Vendors may pitch software as a service (SaaS) to help companies avoid high up-front costs of deploying IT systems, but these applications can end up being more expensive than in-house software programs, warned a speaker at Springboard Research’s SaaS Asia Conference 2009 in Singapore.
IT managers considering SaaS offerings have to consider the total costs that will be incurred over the life of the application, said Paul Sharp, vice president of information technology and supply chain at AdvalTech Omni, a maker of precision tooling and molds.
Done right, SaaS offerings — sometimes called cloud computing applications — can eliminate capital expenditure costs required to roll out new systems and reduce service and maintenance costs. But a badly negotiated contract can end up being an expensive burden that can last for many years, long after arguments that these contracts save capital expenditure costs have been forgotten, Sharp said.
“If you go into this blindly, you’ll end up paying a lot more than doing it in-house,” he said.
Many Asian companies are considering SaaS applications as a way to cut their IT costs, particularly capital expenditures, said Michael Barnes, vice president of software and Asia-Pacific research, at Springboard Research.
“There’s an absolute focus on cost savings.
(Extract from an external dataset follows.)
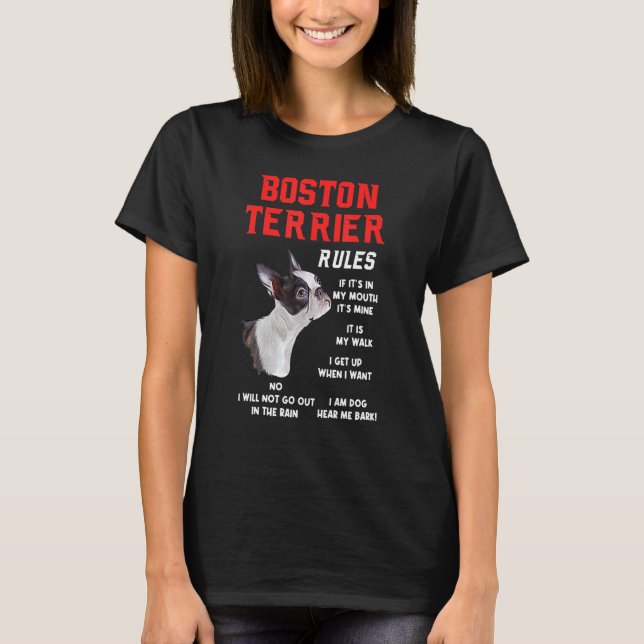 Camiseta Boston Terrier Rules Divertido Dueño De Perro Masc (Anverso)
Everyone is talking about capex and being able to cut down that up-front expenditure,” he said.
After 12 percent growth during 2008, IT spending in Asia-Pacific, excluding Japan, is expected to grow by 7 percent in 2009, driven by demand from India and China, as well as government stimulus programs, Barnes said.
Technologies that are getting the most attention from Asian companies right now are virtualization, collaboration tools and cloud computing, Barnes said, noting that e-mail, customer relationship management and security are among the most popular SaaS applications in the market.
Barnes advised conference attendees to resist the urge to cut spending on IT, saying investments in SaaS and other technologies can make them more competitive — a factor that is more critical now that key economies are mired in recession.
“In a growth market, even turkeys can fly,” Barnes said. “To avoid being left behind, to position yourself to succeed, you absolutely need to be investing now.”